• **WHAT THE TASK ASKS**
Go from the first line below to the one with "Yugoslavian vs Immigrants" and print each line exactly.

________________________________________

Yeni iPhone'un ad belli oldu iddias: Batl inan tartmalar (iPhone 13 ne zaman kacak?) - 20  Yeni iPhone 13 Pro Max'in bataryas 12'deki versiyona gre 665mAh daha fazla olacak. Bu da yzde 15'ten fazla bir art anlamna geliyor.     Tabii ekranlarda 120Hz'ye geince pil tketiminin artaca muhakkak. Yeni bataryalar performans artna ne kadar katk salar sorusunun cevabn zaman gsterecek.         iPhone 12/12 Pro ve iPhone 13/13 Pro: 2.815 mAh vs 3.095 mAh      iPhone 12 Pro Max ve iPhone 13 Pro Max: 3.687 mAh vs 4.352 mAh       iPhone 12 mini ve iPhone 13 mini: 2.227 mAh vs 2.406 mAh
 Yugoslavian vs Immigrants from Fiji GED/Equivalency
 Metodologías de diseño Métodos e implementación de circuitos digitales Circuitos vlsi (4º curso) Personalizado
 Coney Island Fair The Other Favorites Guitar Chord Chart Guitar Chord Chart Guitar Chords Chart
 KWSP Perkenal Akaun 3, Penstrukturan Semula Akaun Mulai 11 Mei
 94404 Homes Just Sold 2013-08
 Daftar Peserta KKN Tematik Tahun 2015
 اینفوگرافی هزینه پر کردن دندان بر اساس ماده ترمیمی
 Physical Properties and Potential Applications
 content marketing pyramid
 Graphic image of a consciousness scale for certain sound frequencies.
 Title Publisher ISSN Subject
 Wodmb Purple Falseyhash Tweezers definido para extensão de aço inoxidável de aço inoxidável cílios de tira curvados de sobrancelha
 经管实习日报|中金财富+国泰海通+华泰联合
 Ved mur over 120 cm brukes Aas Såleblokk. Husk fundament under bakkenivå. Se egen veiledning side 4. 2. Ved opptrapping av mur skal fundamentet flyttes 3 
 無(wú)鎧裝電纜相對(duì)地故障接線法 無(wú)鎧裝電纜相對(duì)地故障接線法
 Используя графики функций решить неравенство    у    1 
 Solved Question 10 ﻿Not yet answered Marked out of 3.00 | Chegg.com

________________________________________

• **FINISHED EXERCISE**
Yeni iPhone'un ad belli oldu iddias: Batl inan tartmalar (iPhone 13 ne zaman kacak?) - 20  Yeni iPhone 13 Pro Max'in bataryas 12'deki versiyona gre 665mAh daha fazla olacak. Bu da yzde 15'ten fazla bir art anlamna geliyor.     Tabii ekranlarda 120Hz'ye geince pil tketiminin artaca muhakkak. Yeni bataryalar performans artna ne kadar katk salar sorusunun cevabn zaman gsterecek.         iPhone 12/12 Pro ve iPhone 13/13 Pro: 2.815 mAh vs 3.095 mAh      iPhone 12 Pro Max ve iPhone 13 Pro Max: 3.687 mAh vs 4.352 mAh       iPhone 12 mini ve iPhone 13 mini: 2.227 mAh vs 2.406 mAh
 Yugoslavian vs Immigrants from Fiji GED/Equivalency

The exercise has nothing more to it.